My current version has a sliding trigger, not hinging. It also utilizes a 1" thinwall priming insert, a different rainbow setup, and a tapered plunger rod that sits outside of the catch in the unprimed/resting position. The sliding trigger is smoother and allows for very consistent slam-firing.
A big reason why I abandoned your type of design was to optimize part fabrication and cost efficiency. Every plate on my current version can be built out of sheets measuring 12"x12" or less, eliminating the cost of 12"x24" sheets (and shipping costs less too.) Plus, all of my templates require no overlapping when applying them to the materials. If you've had the misfortune of 2 plates not lining up due to maligned adhesive label paper, you'll know that overlapping templates is a pain in the ass.
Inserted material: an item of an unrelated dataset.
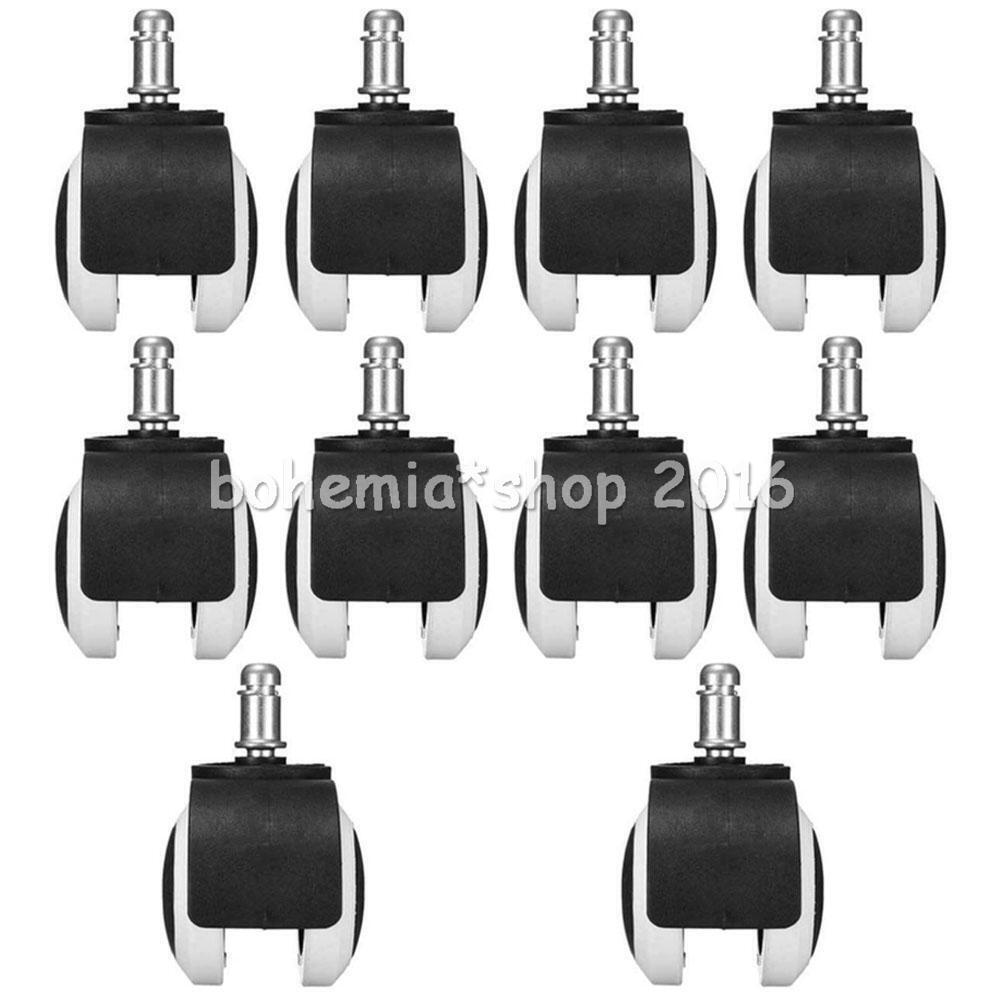 10PCS Office Chair Caster 50mm DIA Heavy Duty Wheels Universal Rolling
I hadn't seen Drev's design; I guess there are only so many things to do with a backward facing plunger and a foregrip.
Earlier on in planning, it had occurred to me that using a sliding trigger lets the whole thing be shorter, after which I realized I was happy enough with this, even though it isn't ideal. As a side note, this is essentially as short as you can get with a pivoting trigger.
Using the thinwall 1" pipe would have been a great idea, if for no other reason than making the catch easier to make, what with more space for it to fit into.
And it did seem to me at one point or another that using 12×12 sheets (and good on you for doing so) goes along much better with a sliding trigger - it keeps functional parts more towards the back and thus needs shorter side plates.
As to slamfire - kinda... When the 1" slide is in the primed position, the trigger pops up into the 1.25" pipe too much. That could've been prevented by extending the 1" pipe towards the front a little more.